As our time at Wombwell Hall drew to a close we Girls Of 2SC were all given Important Letters to take home to our parents. Miss Eatch clutched the slim white envelopes to her person, just beneath her ample and somewhat wobbly bosom that we were inclined rather unkindly, to snigger at. She had some concerns about the following year, she explained, and wanted to tell us what the letters contained. We learned that the majority of parents were informed that their daughter had been an enthusiastic and pleasant class member who would do well in the workplace, and positively thrive in a nice clean, well run Typing Pool. They were daughters any parent could be proud of. Several students were cautiously nominated for possibly enrolling for a further year because with focus and commitment they might well find themselves able to pass the new-fangled GCSE Ordinary Level Examination and that would undoubtedly lead on to an even bigger and brighter Typing Pool. A select few of the white envelopes generously praised the intellectual potential of the girl named within and strongly recommended the extra school year as there was little doubt that she was made of the stuff that passed exams. Such girls might well become Personal Assistants to Managing Directors in far flung places like Maidstone.

But most exciting of all - one of us was actually considered to be capable of Getting A Proper Degree at some stage in the future. She shouldn’t really be one of us at all because she belonged in a Grammar School. Valerie was University Material Without A Shadow Of A Doubt. When Yvonne who had once been my friend and was now Valerie’s friend heard this she turned and gave the whole class the kind of smile that almost blinded us with its radiance, then bowed her head just a little. Valerie’s success was also her success. I couldn’t help thinking just a little regretfully that it was a good thing she had shed my friendship whilst we were in the early stages of that first Wombwell Hall year as I would never have been capable of instilling such pride in her teenage breast.

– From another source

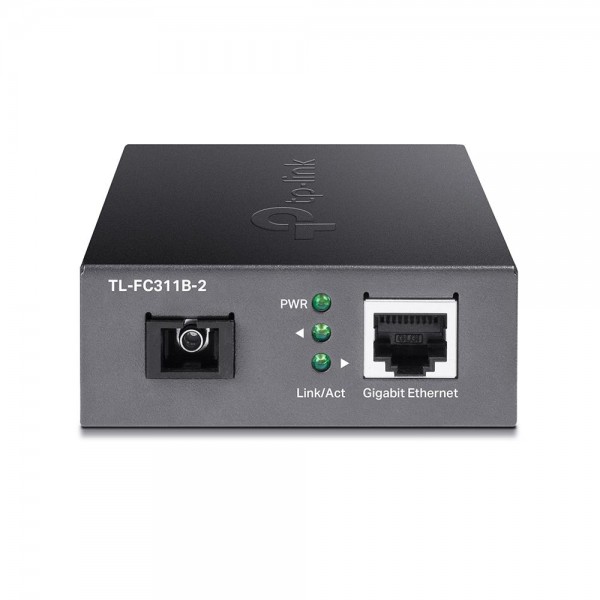 TP-Link Гигабитный медиаконвертер WDM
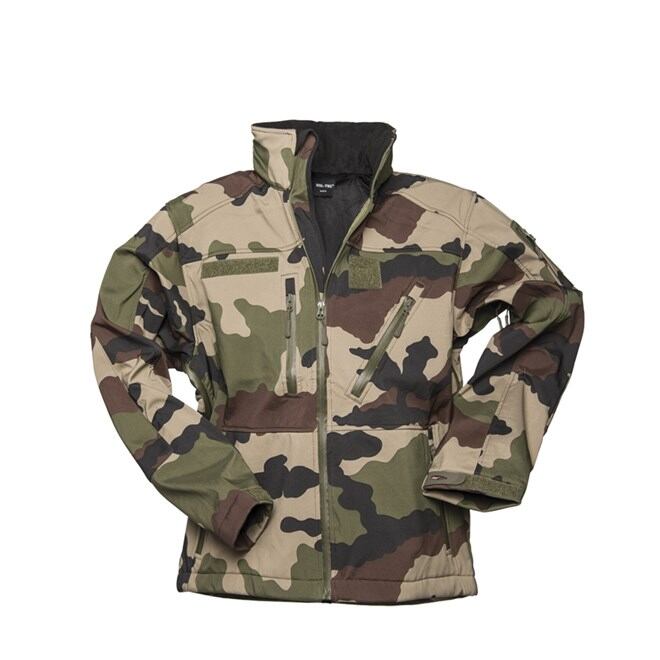 Levně Bunda Softshell SCU 14 CCE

Miss Eatch was encouraging us to applaud Valerie’s success and whilst we did so I wondered what A Degree might be and how one went about getting one because judging by Yvonne’s reaction the idea should bring any normal person close to ecstasy and indeed the unusually deferential manner of Miss Eatch herself indicated it was clearly something worth striving for. Valerie, cheeks flushed with pleasure was talking about the relative benefits of Oxford because that’s where Daddy had wanted to go before his education had been interrupted, and Cambridge which her mother favoured. I wondered what form the interruption that she was managing to make sound like a tragedy of gigantic proportion, had taken. And what was to happen to Yvonne whilst Valerie was involved in furthering her education in places that sounded even further from Gravesend than either Maidstone or London?

After school, walking down the driveway, past the badger setts in the bankside and into Hall Road itself, Joyce Williams who had recently become a half-hearted Close Friend, asked what I thought the attitude of Those At Home might be at the thought of me enrolling in the Exam Year. We had both been included in Miss Eatch’s second category and so were cautious nominees for exam passing. This was all very flattering in that it plucked us just a little from The Herd, but it had to be borne in mind that when handing over the envelopes Miss Eatch had hesitated before both of us and said that in our case the suggestion carried with it some concern as to our Actual Ability To Apply Ourselves and we should talk it through with our families very thoroughly, Remembering these words and the tone in which they had been uttered I shrugged and said to Joyce that I Couldn’t Care Less which was the 1956 equivalent of Do I Look Bovvered? Joyce said well she cared because she was very keen to get a job. I was still contemplating the various forms a Degree might take and why it couldn’t be taken for example, in London which, had I been Valerie, would have made all the difference in the world.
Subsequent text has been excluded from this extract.